Fluid-triggered seismicity, instability and slip related to volcanic edifice collapse

Project Details


These twin PhD projects will

(1): Simulate the injection of high temperature fluid to better understand how fluid-driven reactivation may contribute to faulting an instability as applied to volcano flank collapse. Specifically the project will investigate the edifice collapse on the island of Stromboli, a volcano in the north-eastern tip of the Aeolian volcanic arc in the Tyrrehian Sea. Stromboli has suffered numerous mass movement events over the last 13ka that have resulted in depressions and flank collapses such as the “Sciara del Fuoco” and the “Rina Grande – Le Schicciole” slopes (Di Traglia et al., 2018). This is likely the result of strain field reorganisation associated with the development of magma movement and dyke injection, as well as the sector collapses themselves (Tibaldi et al., 2003). The interplay between the regional stress field and the intrusion of north-east striking dykes leads to a complex deformation fabric that is embedded in the fracturing of the local volcanic rocks. Evidence for new dyke sheets, such as lateral creep on the north-western flank of the volcano, suggests that these bodies rise in a horseshoe shape, pushing the Sciara del Fuoco scarp outward toward the sea (Tibaldi et al., 2009) and so provide more space for dykes to occupy.
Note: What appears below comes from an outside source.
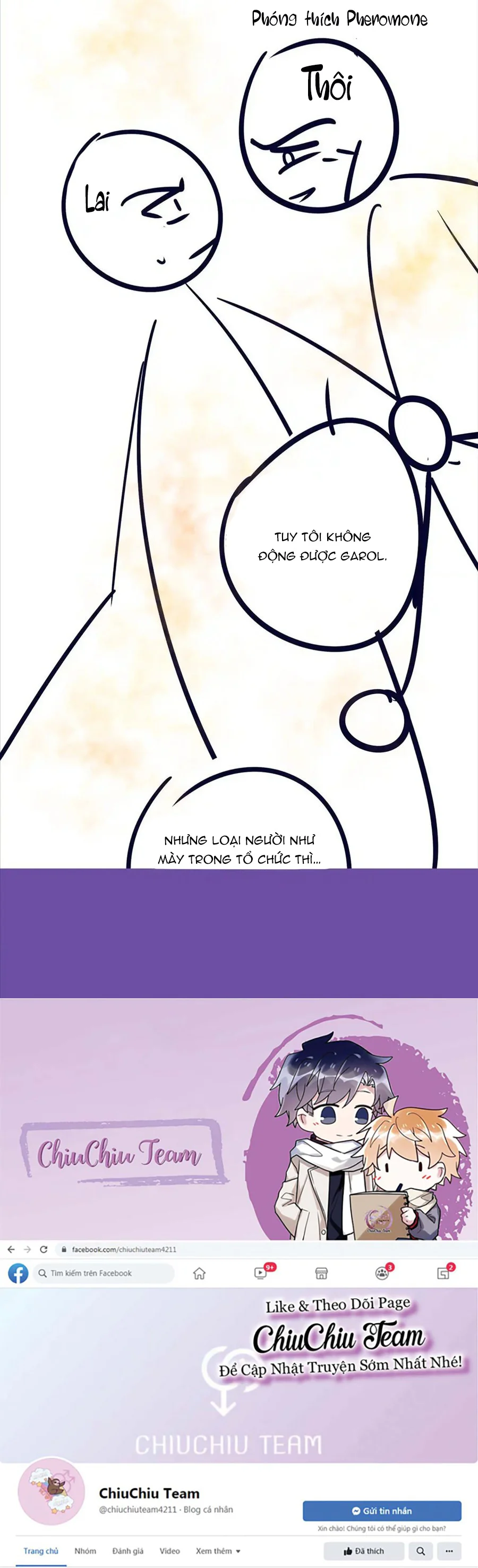 Cạn Tình Chapter 82 - Next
(2): generate a new geophysical (rock-physics) image as a quantified metric at elevated but modest temperatures. The aim is to take existing laboratory data and to calculate likely source mechanisms for two key types of seismicity. The types of seismicity to be investigated would be; Volcano-Tectonic [VT] (brittle fracture), and Low-Frequency [LF] (primarily driven by rapid fluid flow), as a function of stress and pore fluid decompression/stress, and would be backed up with physical data using X-Ray Computed Tomography [XCT]. In addition, two models will be applied to the data: the crack resonance models of Kumagai and Chouet (2000), and that of Neuberg (Thomas & Neuberg, 2013).